(Crawled caption data)

((

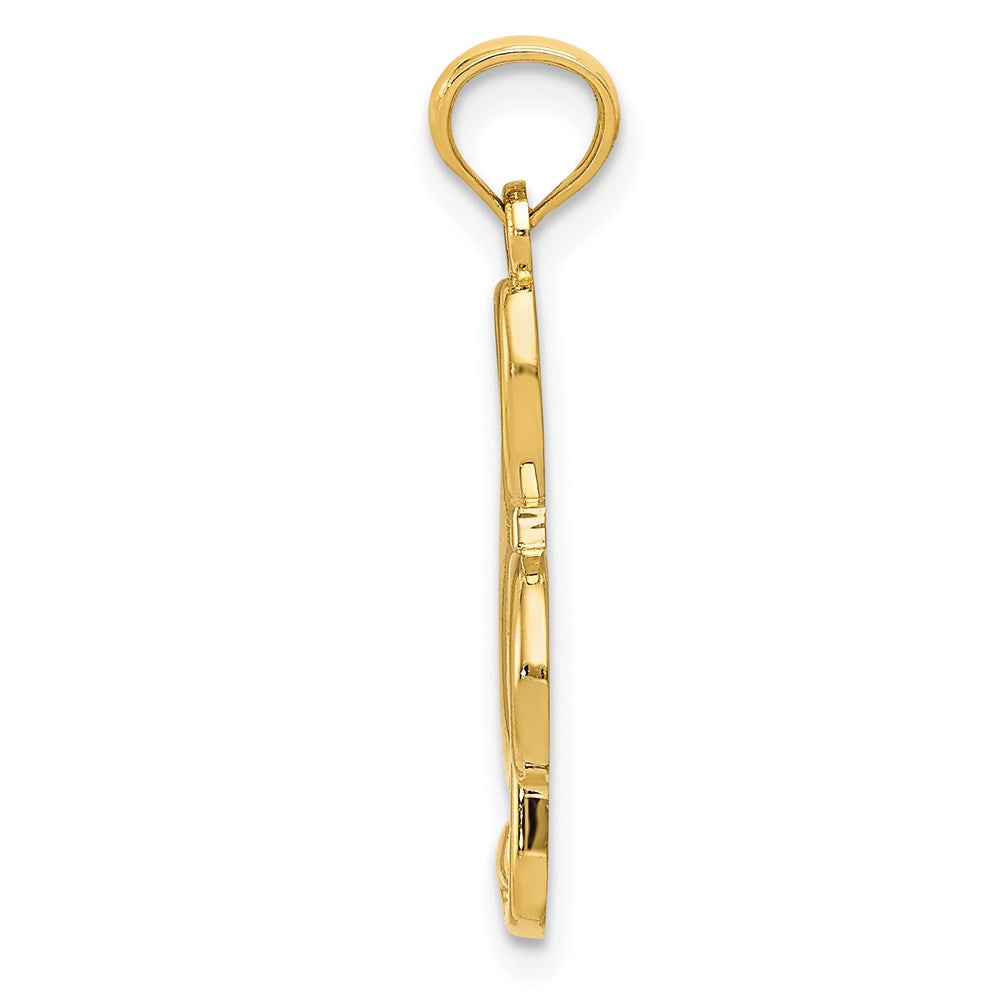 FJC Finejewelers 14 kt Yellow Gold Polished Treble Clef Charm 7 mm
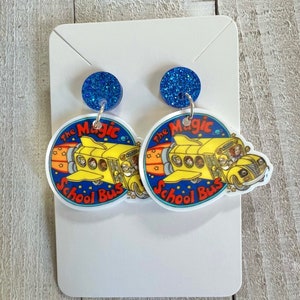 School bus acrylic dangle earrings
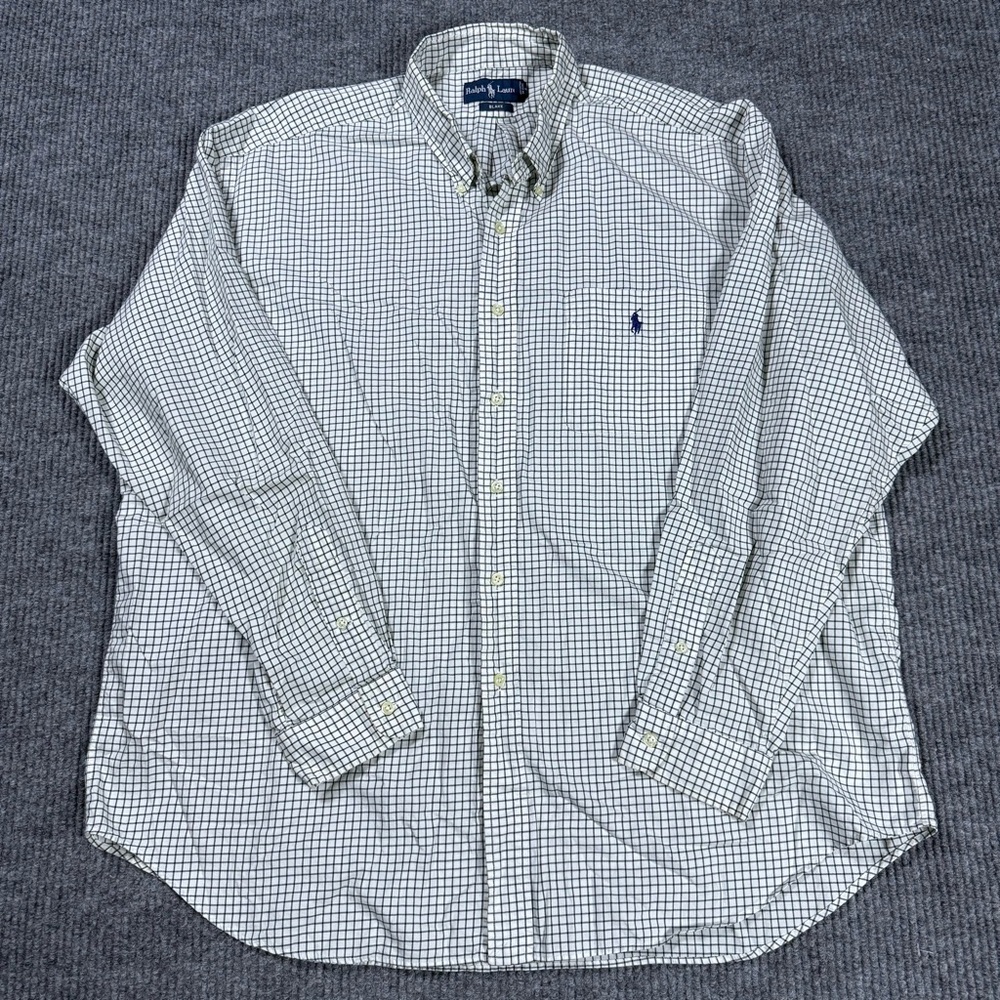 Ralph Lauren Blake Oxford Shirt Men's 2XL White Green Check Plaid Long Sleeve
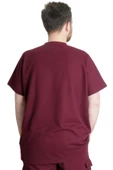 Mode XL Büyük Beden Erkek Bisiklet Yaka Basic T-shirt WAFFLE 23401 Bordo - 4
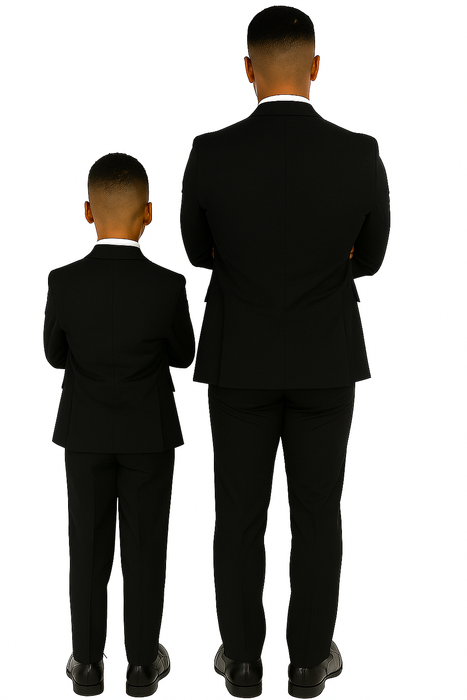 Father and Son Suits - Black Boys Suit Perry Ellis Vested Boy's Wedding Suit in Black
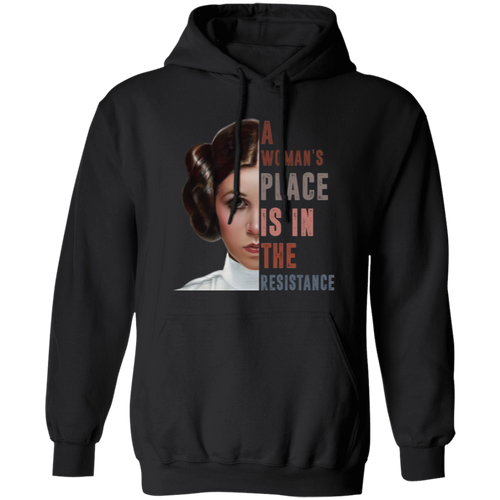 Princess Leia A Woman’s Place Is In The Resistance Vintage Pullover Hoodie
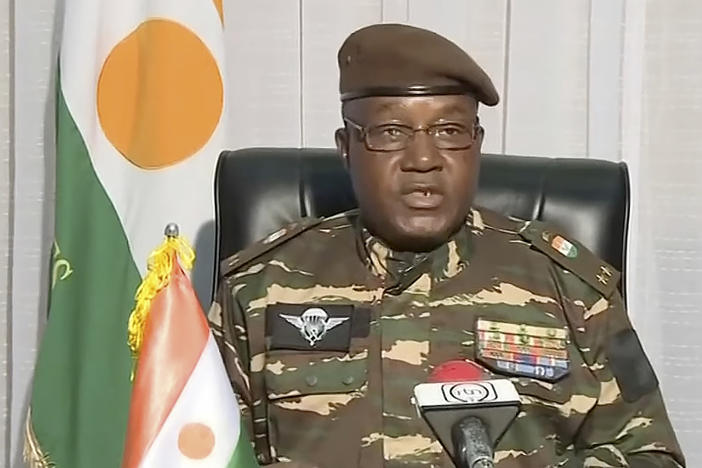 In this image taken from video provided by ORTN, Gen. Abdourahmane Tchiani makes a statement Friday, July 28, 2023, in Niamey, Niger.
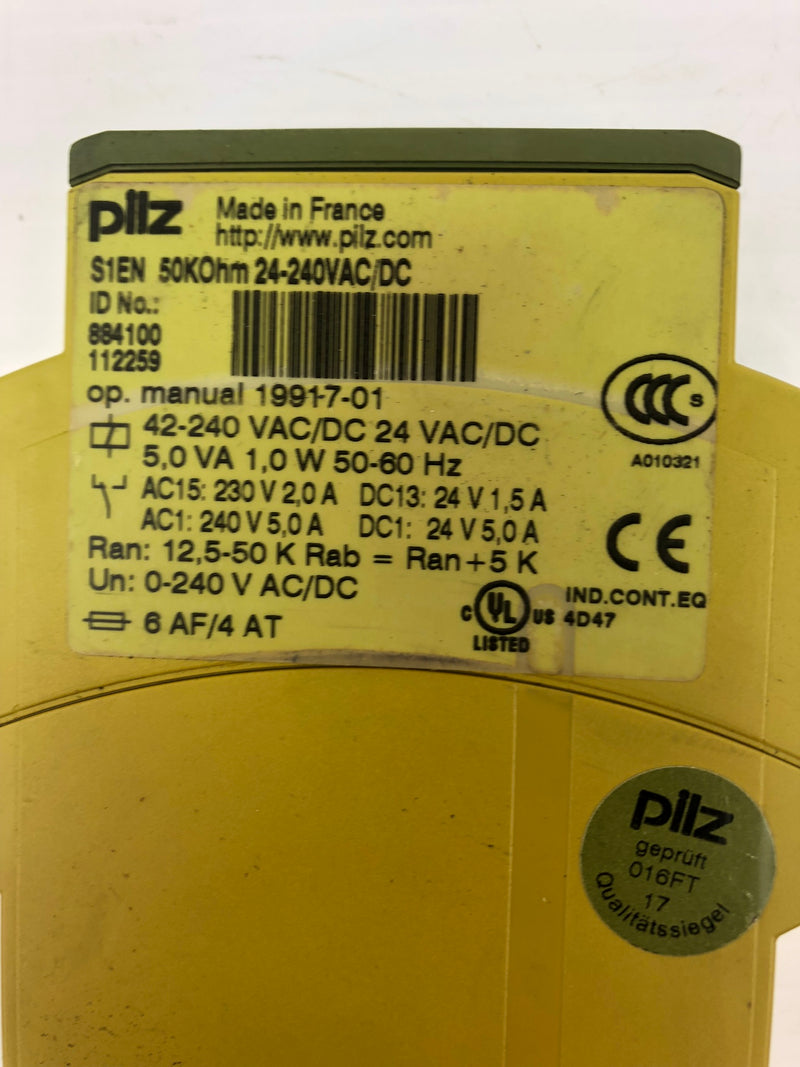 Pilz S1EN 50KOhm Safety Relay 5.0 VA 1.0 W 50/60 Hz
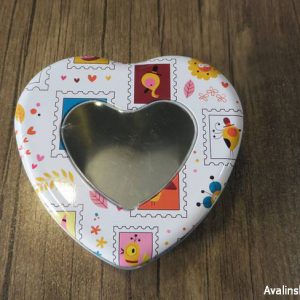 جعبه کادویی فلزی قلب در شیشه ای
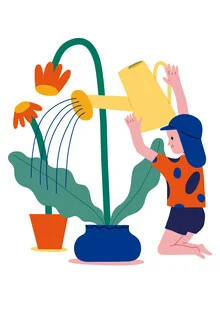 Illustration eines kleinen Jungen, der im Garten mit einer Gießkanne Blumen gießt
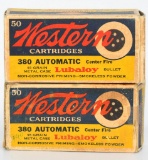 2 Collector Boxes Of Western .380 ACP Ammunition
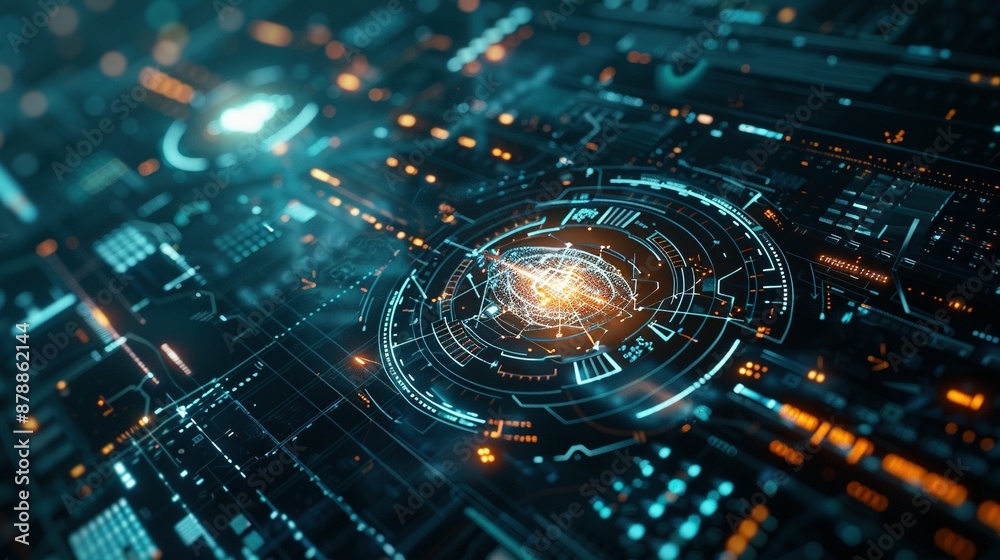 Obraz premium Advanced Cybersecurity Interface: Dynamic Network Visualization with Copy Space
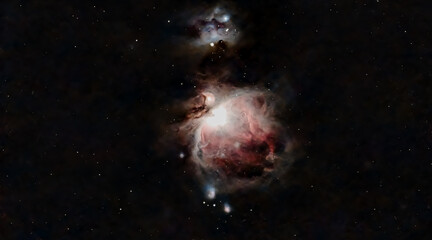 Der Orionnebel im Jahr 2026 mit vielen leuchtenden Sternen im Hintergrund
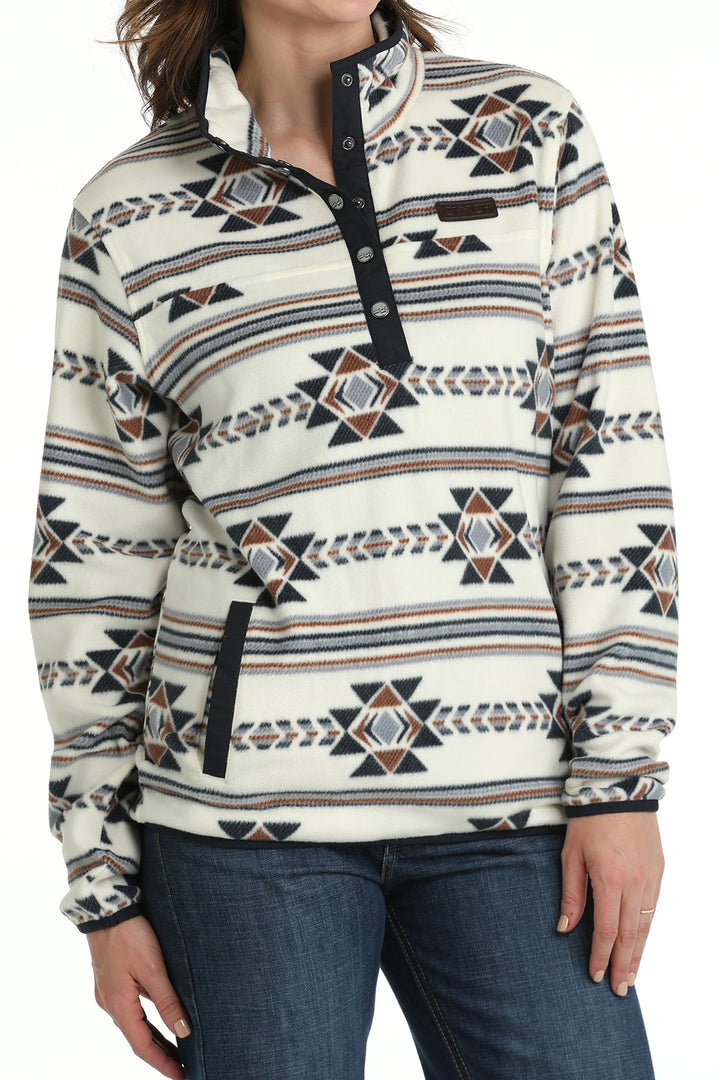 Cinch Cream Southwestern Print Fleece Pullover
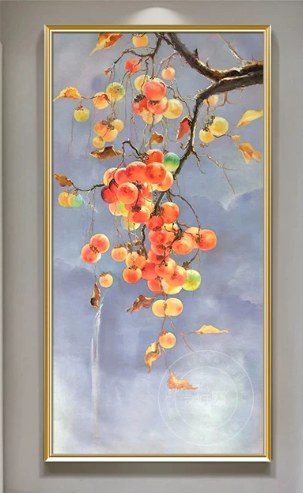 Persimmon Fruit Vertical Framed Wall Art, Oriental Decor Painting for Singapore Commercial & Residential Spaces product image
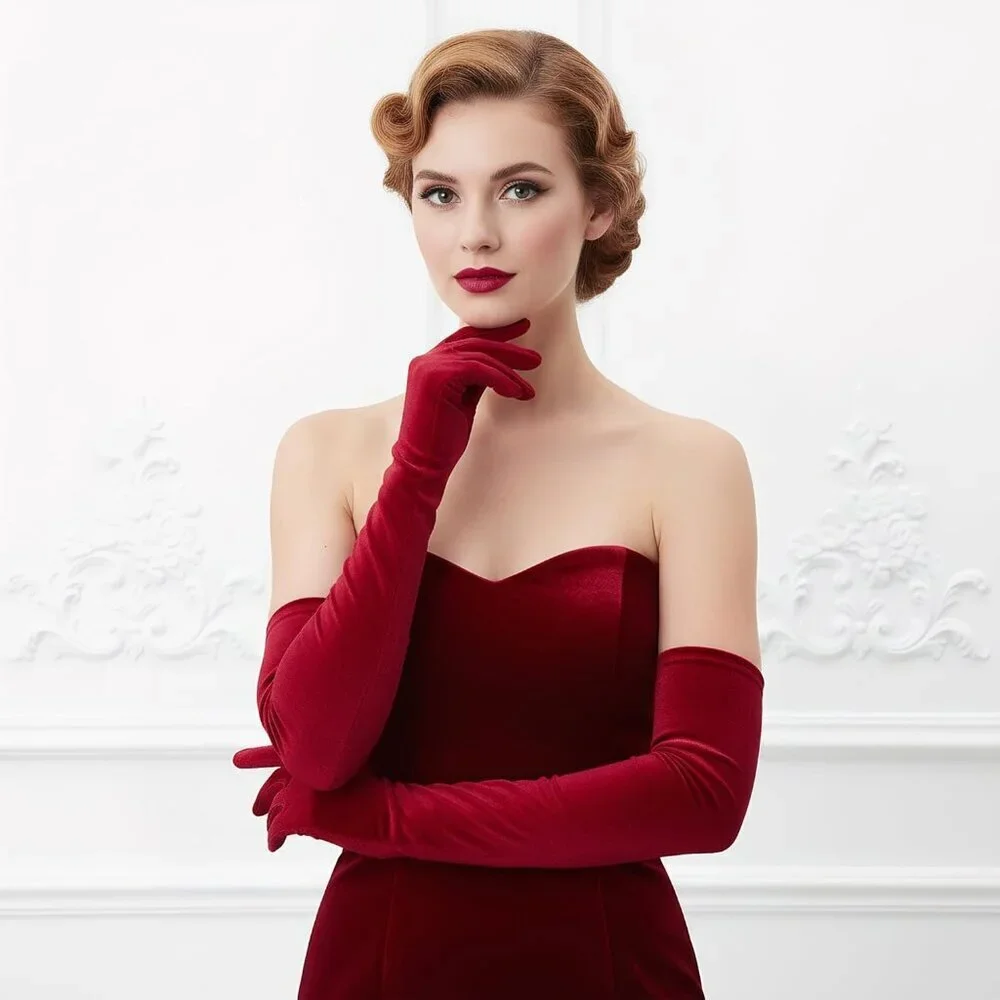 Women's Wine Red Velvet Long Gloves Elbow Length Costume Flapper Evening Banquet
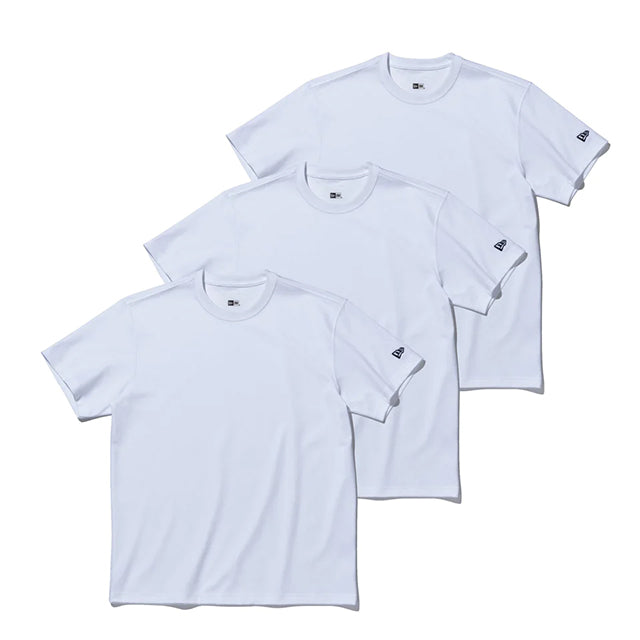 3枚パック ニューエラ 半袖 パフォーマンス Tシャツ 3-PACK COOLERA TEE WHITE NEW ERA BLANK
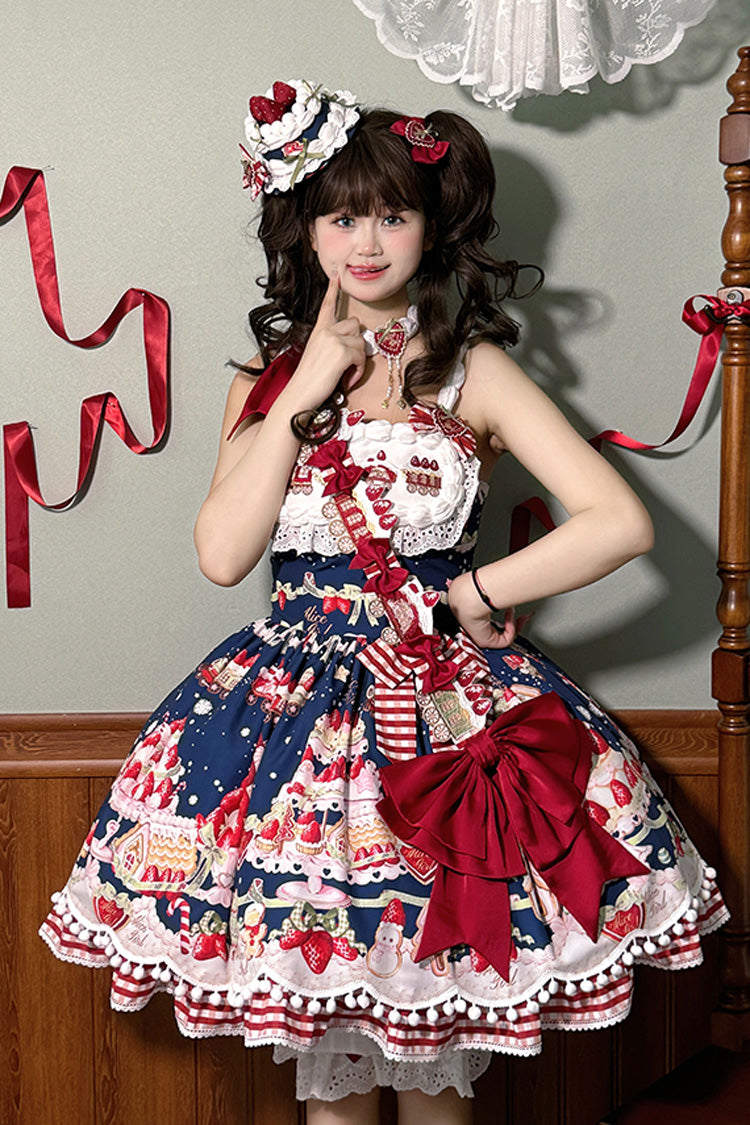 Mint Strawberry Dessert Print Natural Waisted Ruffle Bowknot Sweet Lolita JSK Dress 4 Colors - Product - 16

))

* [Task to carry out]: Every line from the one with "In this image" to the end of the records above should be restated word for word, and no picture belongs in the copy.

* [Exercise response]:
 In this image taken from video provided by ORTN, Gen. Abdourahmane Tchiani makes a statement Friday, July 28, 2023, in Niamey, Niger.
 Pilz S1EN 50KOhm Safety Relay 5.0 VA 1.0 W 50/60 Hz
 جعبه کادویی فلزی قلب در شیشه ای
 Illustration eines kleinen Jungen, der im Garten mit einer Gießkanne Blumen gießt
 2 Collector Boxes Of Western .380 ACP Ammunition
 Obraz premium Advanced Cybersecurity Interface: Dynamic Network Visualization with Copy Space
 Der Orionnebel im Jahr 2026 mit vielen leuchtenden Sternen im Hintergrund
 Cinch Cream Southwestern Print Fleece Pullover
 Persimmon Fruit Vertical Framed Wall Art, Oriental Decor Painting for Singapore Commercial & Residential Spaces product image
 Women's Wine Red Velvet Long Gloves Elbow Length Costume Flapper Evening Banquet
 3枚パック ニューエラ 半袖 パフォーマンス Tシャツ 3-PACK COOLERA TEE WHITE NEW ERA BLANK
 Mint Strawberry Dessert Print Natural Waisted Ruffle Bowknot Sweet Lolita JSK Dress 4 Colors - Product - 16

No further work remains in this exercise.